## Problem details
Take the material below and reproduce, word for word, only the lines from the line with "ขายที่ดินจัดสรร จังหวัด เพชรบุรี" through the line with "Frühlingsblumen-Sammlung".

## Supplied records
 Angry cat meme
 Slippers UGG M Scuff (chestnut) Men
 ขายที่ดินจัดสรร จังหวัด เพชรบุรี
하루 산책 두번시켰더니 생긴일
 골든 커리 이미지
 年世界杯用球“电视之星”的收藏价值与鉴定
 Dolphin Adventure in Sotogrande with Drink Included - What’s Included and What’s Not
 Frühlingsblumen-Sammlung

--

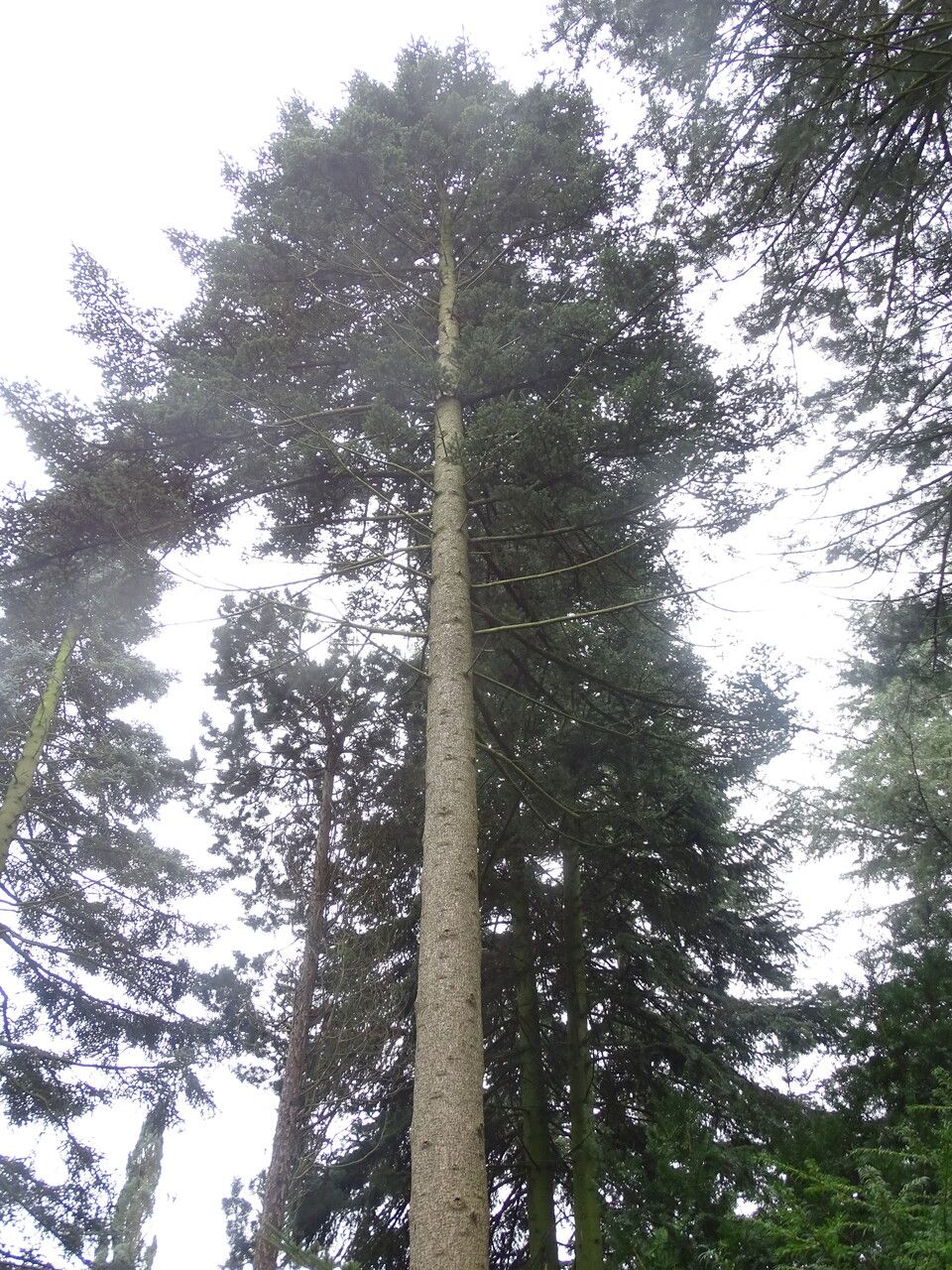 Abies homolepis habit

## Your response
 ขายที่ดินจัดสรร จังหวัด เพชรบุรี
하루 산책 두번시켰더니 생긴일
 골든 커리 이미지
 年世界杯用球“电视之星”的收藏价值与鉴定
 Dolphin Adventure in Sotogrande with Drink Included - What’s Included and What’s Not
 Frühlingsblumen-Sammlung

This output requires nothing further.